### What you need to do:
Retype the records below exactly as they stand, but with no images.

::::

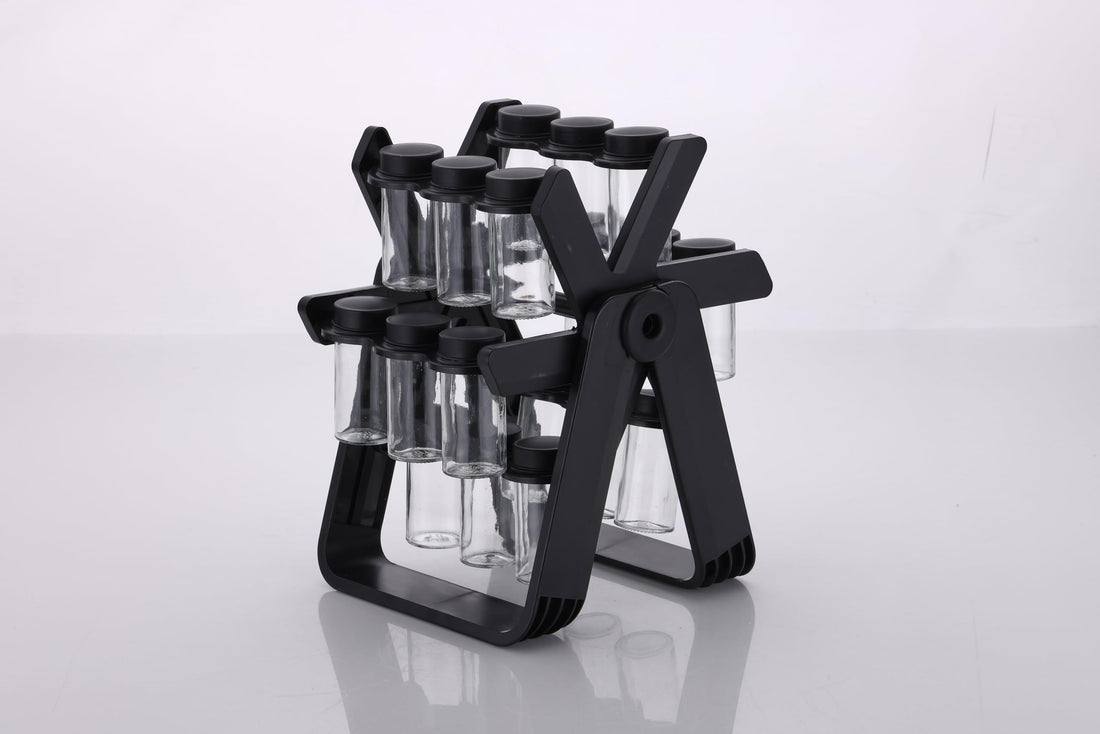 Neoflam Ferris Wheel 18 Jar Glass spice Rack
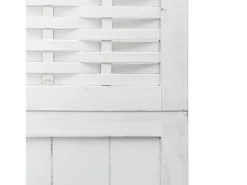 Tabique divisorio de 3 paneles en madera maciza de paulownia blanca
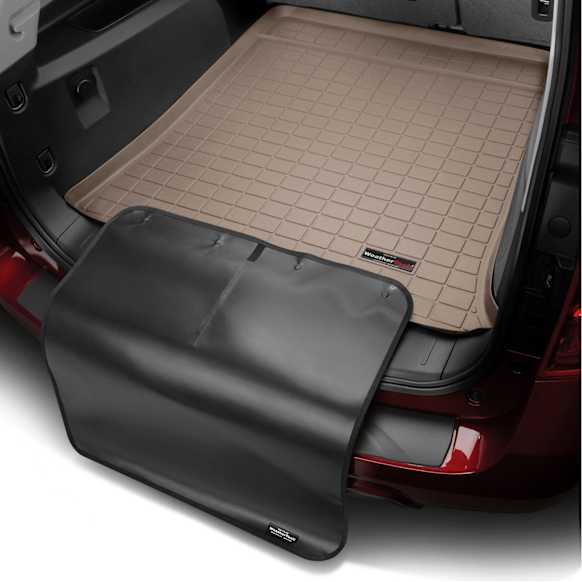 411554SK Cargo Mat, Molded Cargo Liner, Tan, Made of Rubber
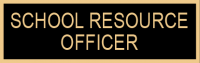 School Resource Officer service award SAB3_74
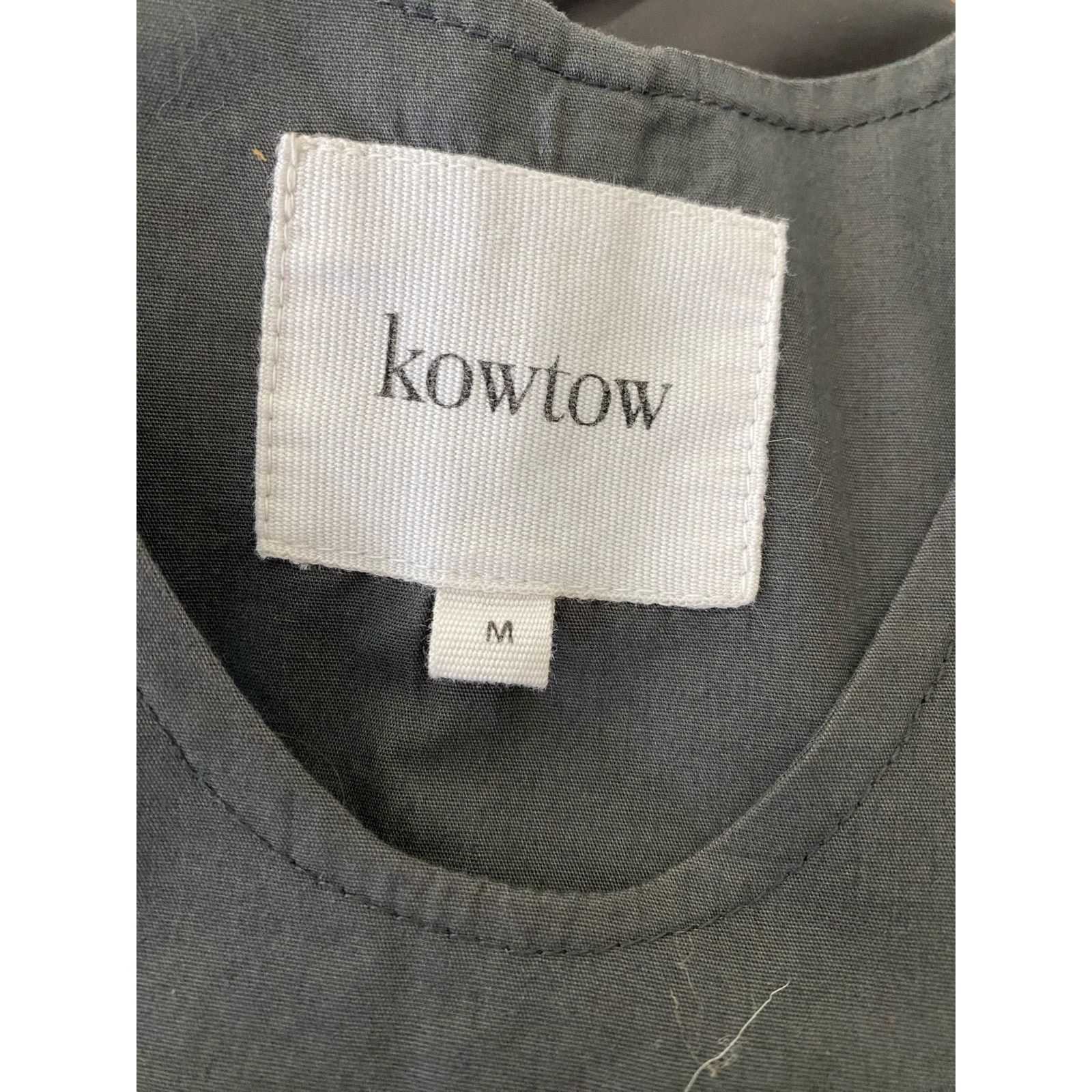Kowtow KOWTOW Belted Scoop Neck Sleeveless Maxi Dress Gray Medium Size M / US 6-8 / IT 42-44 - 11 Thumbnail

::::

### Answer:
 Neoflam Ferris Wheel 18 Jar Glass spice Rack
 Tabique divisorio de 3 paneles en madera maciza de paulownia blanca
 411554SK Cargo Mat, Molded Cargo Liner, Tan, Made of Rubber
 School Resource Officer service award SAB3_74
Kowtow KOWTOW Belted Scoop Neck Sleeveless Maxi Dress Gray Medium Size M / US 6-8 / IT 42-44 - 11 Thumbnail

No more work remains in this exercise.